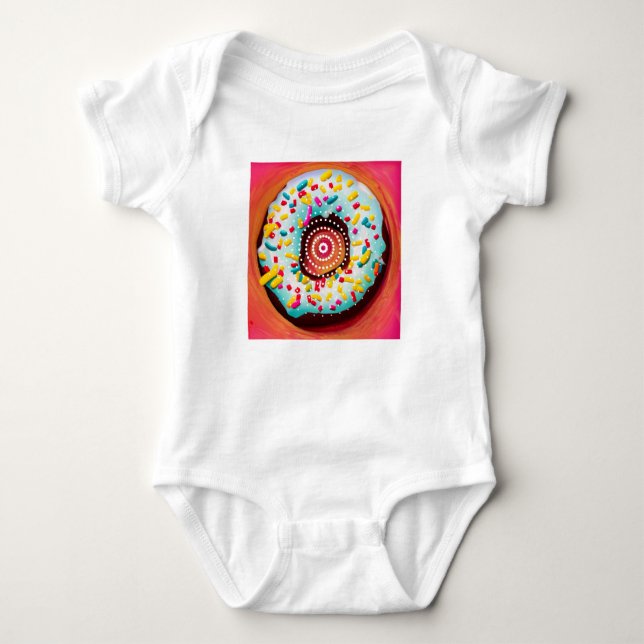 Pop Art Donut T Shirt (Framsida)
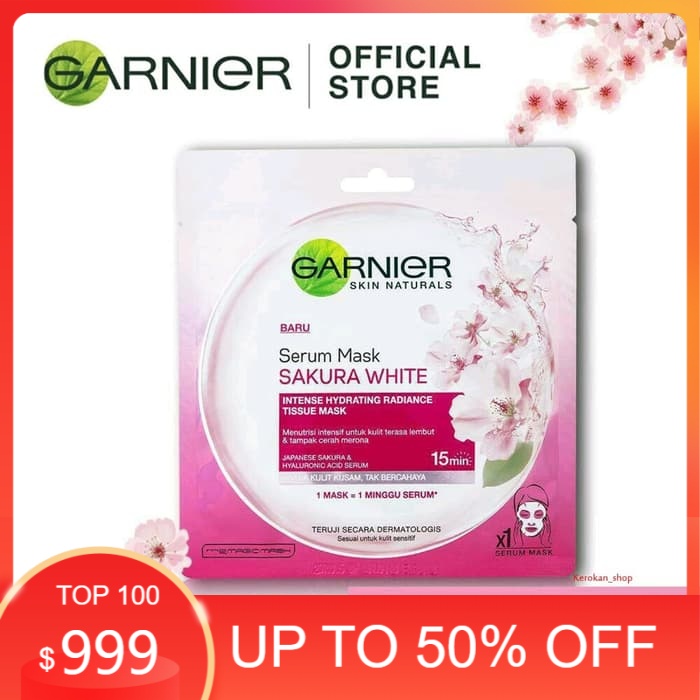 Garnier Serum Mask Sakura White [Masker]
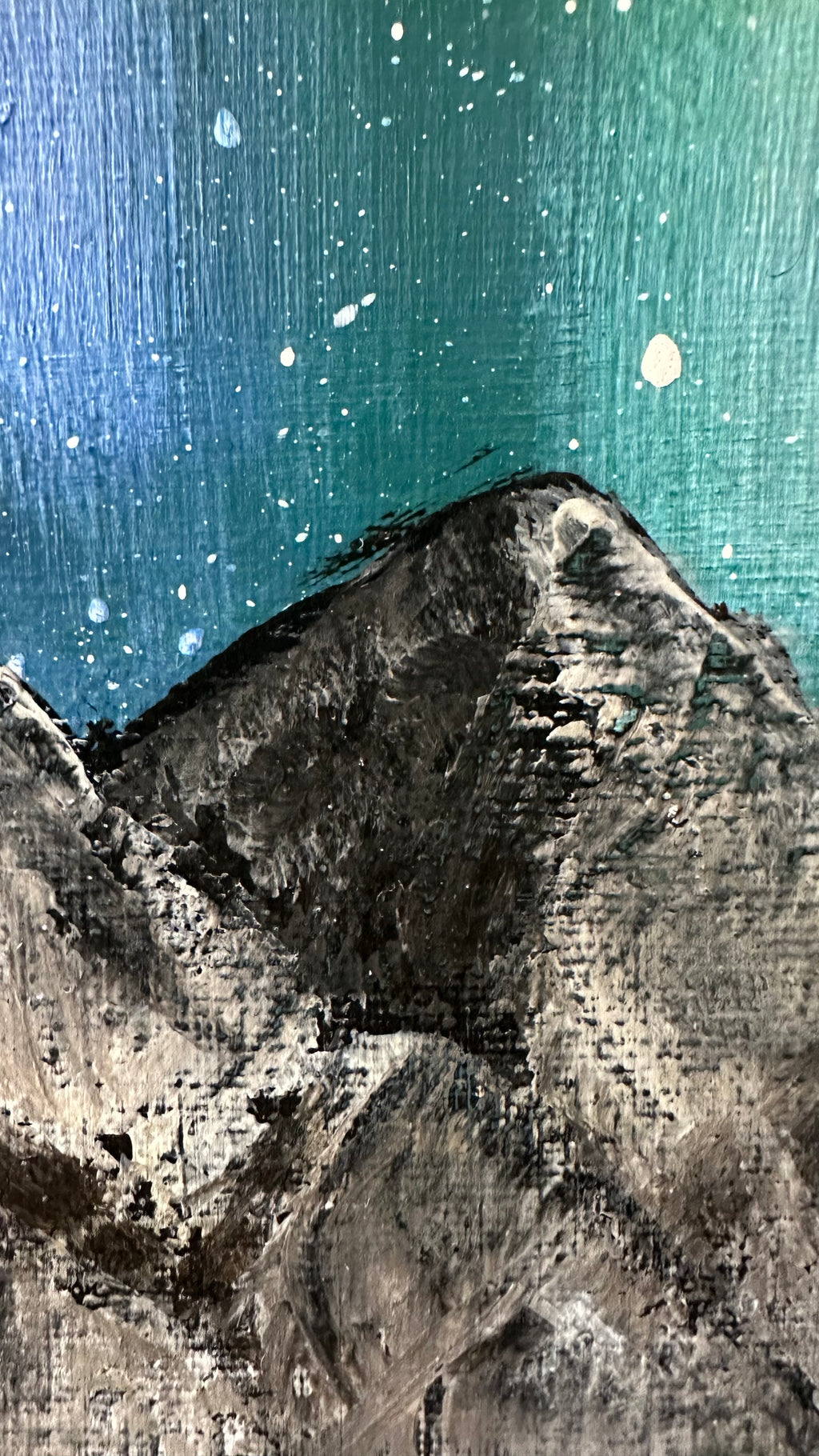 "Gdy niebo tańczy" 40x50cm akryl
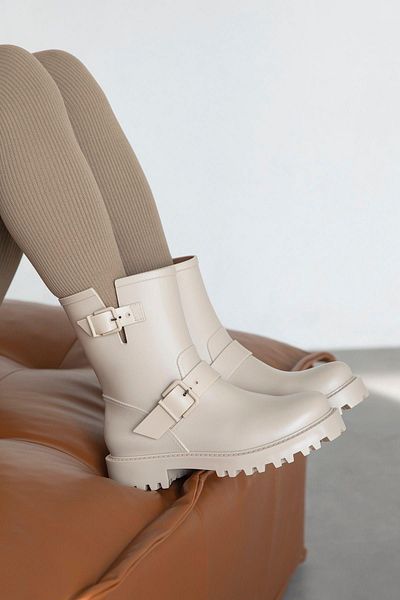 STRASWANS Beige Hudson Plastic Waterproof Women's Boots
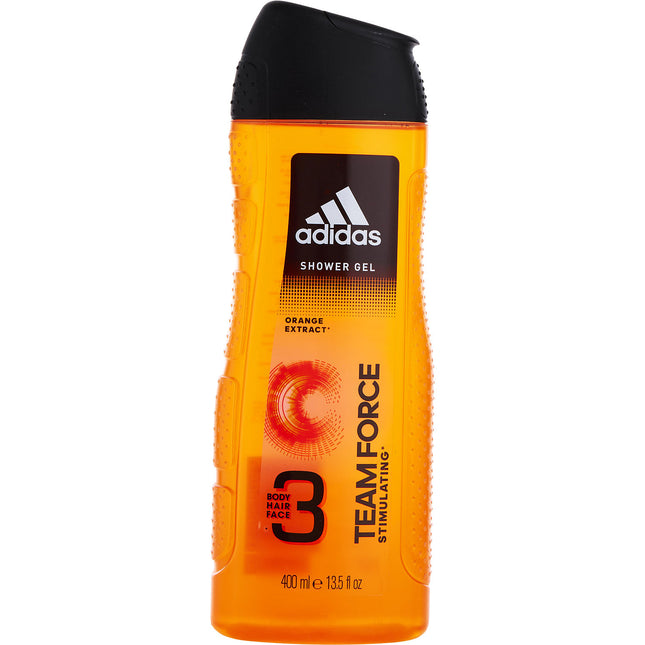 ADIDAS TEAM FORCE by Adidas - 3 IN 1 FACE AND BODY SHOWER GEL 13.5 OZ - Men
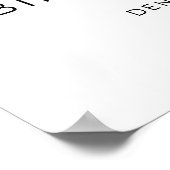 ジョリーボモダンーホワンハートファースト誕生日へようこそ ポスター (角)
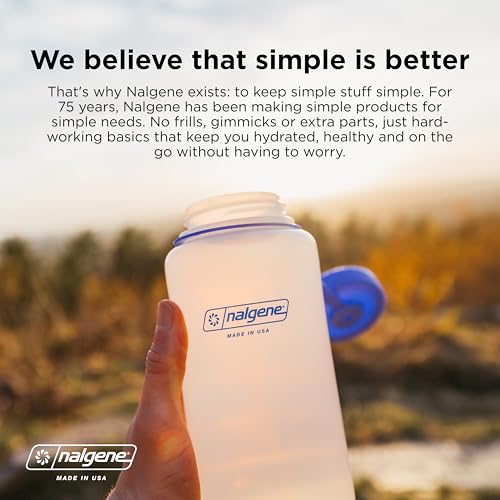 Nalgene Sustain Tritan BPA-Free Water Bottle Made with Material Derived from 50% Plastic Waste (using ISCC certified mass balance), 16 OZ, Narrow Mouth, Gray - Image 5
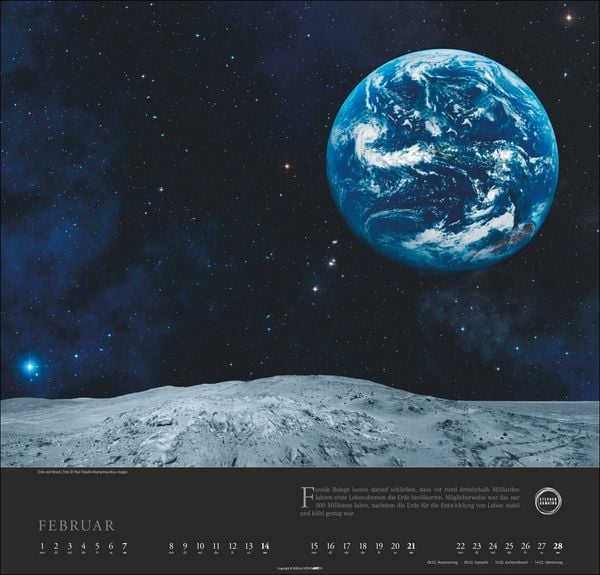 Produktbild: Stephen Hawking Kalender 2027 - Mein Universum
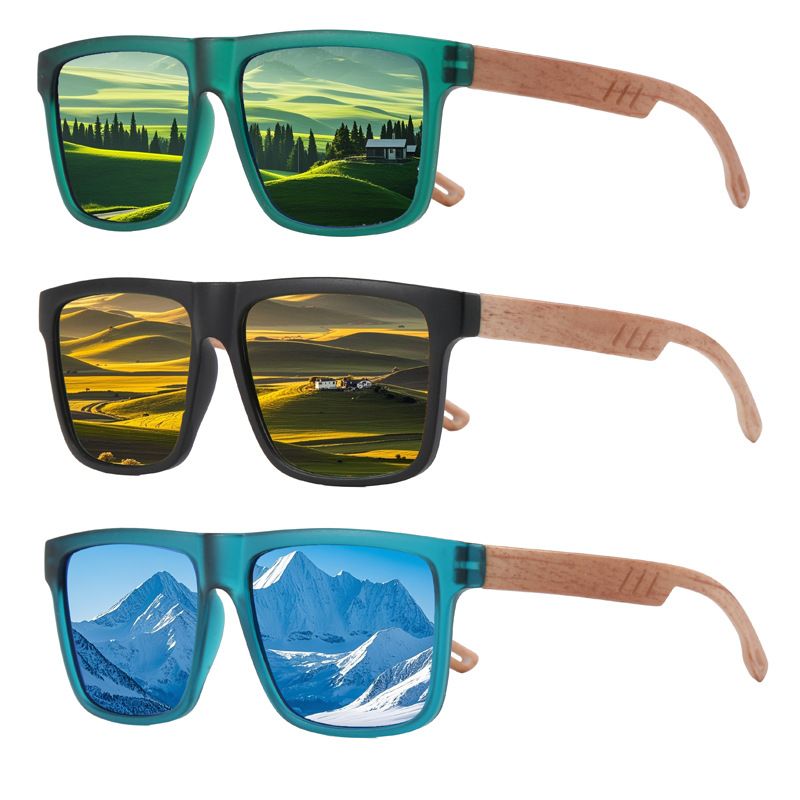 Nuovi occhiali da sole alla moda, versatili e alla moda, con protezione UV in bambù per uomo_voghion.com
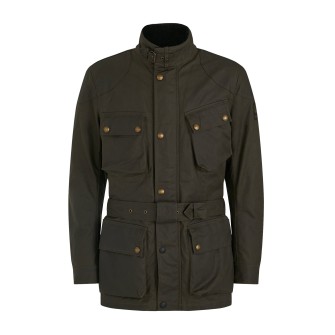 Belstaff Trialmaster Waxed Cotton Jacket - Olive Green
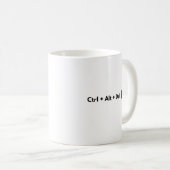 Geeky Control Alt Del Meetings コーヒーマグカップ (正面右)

_ _ _ _

All of the material should be reproduced exactly, apart from the pictures.

◆ Solution:
 Pop Art Donut T Shirt (Framsida)
 Garnier Serum Mask Sakura White [Masker]
 "Gdy niebo tańczy" 40x50cm akryl
 STRASWANS Beige Hudson Plastic Waterproof Women's Boots
 ADIDAS TEAM FORCE by Adidas - 3 IN 1 FACE AND BODY SHOWER GEL 13.5 OZ - Men
 ジョリーボモダンーホワンハートファースト誕生日へようこそ ポスター (角)
 Nalgene Sustain Tritan BPA-Free Water Bottle Made with Material Derived from 50% Plastic Waste (using ISCC certified mass balance), 16 OZ, Narrow Mouth, Gray - Image 5
 Produktbild: Stephen Hawking Kalender 2027 - Mein Universum
 Nuovi occhiali da sole alla moda, versatili e alla moda, con protezione UV in bambù per uomo_voghion.com
 Belstaff Trialmaster Waxed Cotton Jacket - Olive Green
 Geeky Control Alt Del Meetings コーヒーマグカップ (正面右)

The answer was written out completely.